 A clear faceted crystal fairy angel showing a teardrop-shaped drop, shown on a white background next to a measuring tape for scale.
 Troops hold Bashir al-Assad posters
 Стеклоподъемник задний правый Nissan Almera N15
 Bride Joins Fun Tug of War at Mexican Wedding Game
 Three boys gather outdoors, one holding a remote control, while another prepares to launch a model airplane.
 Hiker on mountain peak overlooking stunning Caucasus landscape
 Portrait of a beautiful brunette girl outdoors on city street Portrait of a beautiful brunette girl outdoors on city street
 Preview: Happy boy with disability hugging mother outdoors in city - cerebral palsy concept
---
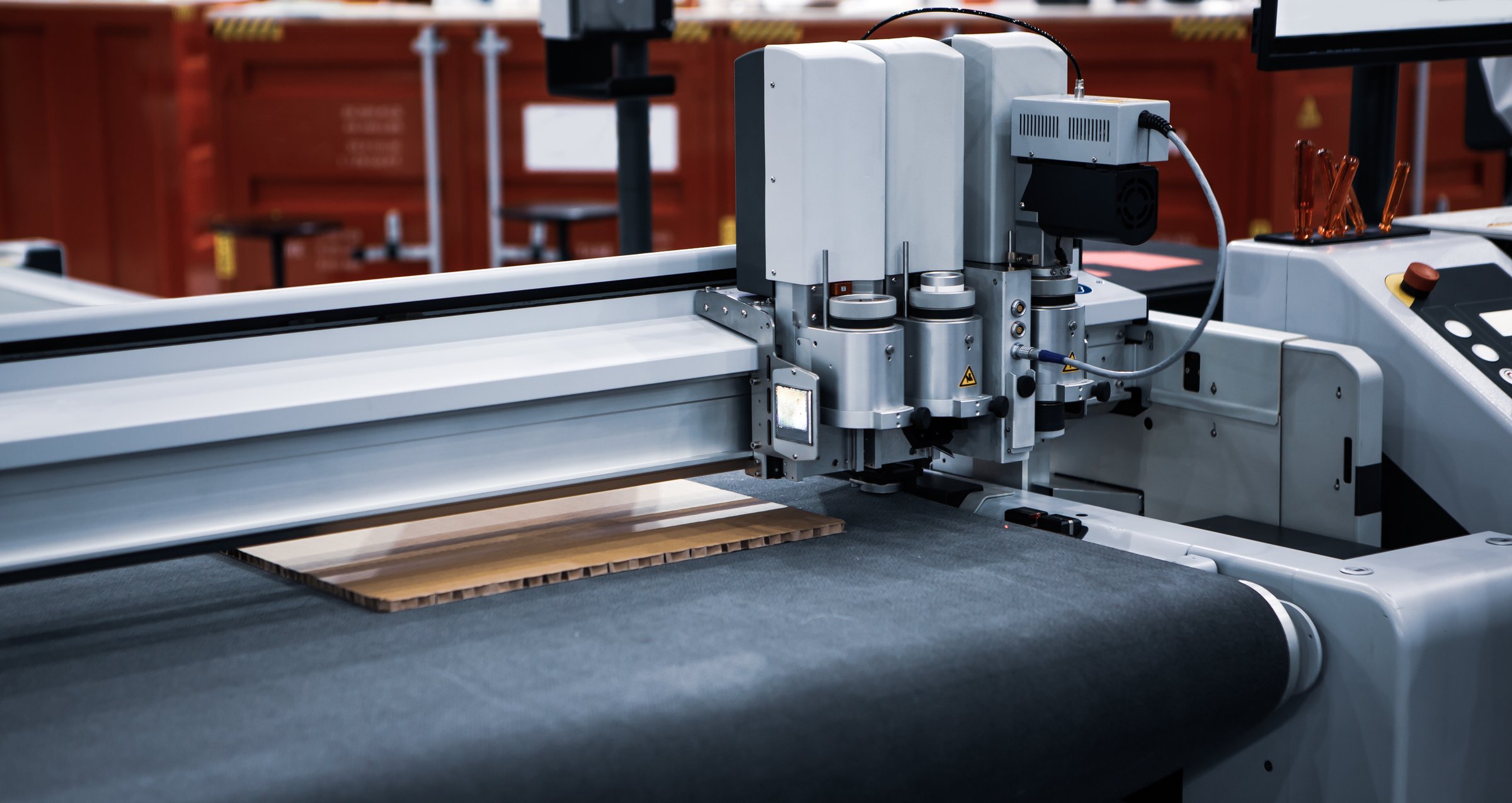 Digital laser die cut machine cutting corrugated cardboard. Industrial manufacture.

**WHAT YOU WILL DO:** Only the lines above from the line with "Hiker on mountain" to the line with "Preview: Happy boy", those two lines included, should be reproduced exactly.

**OUTPUT FOR THIS TASK:**
 Hiker on mountain peak overlooking stunning Caucasus landscape
 Portrait of a beautiful brunette girl outdoors on city street Portrait of a beautiful brunette girl outdoors on city street
 Preview: Happy boy with disability hugging mother outdoors in city - cerebral palsy concept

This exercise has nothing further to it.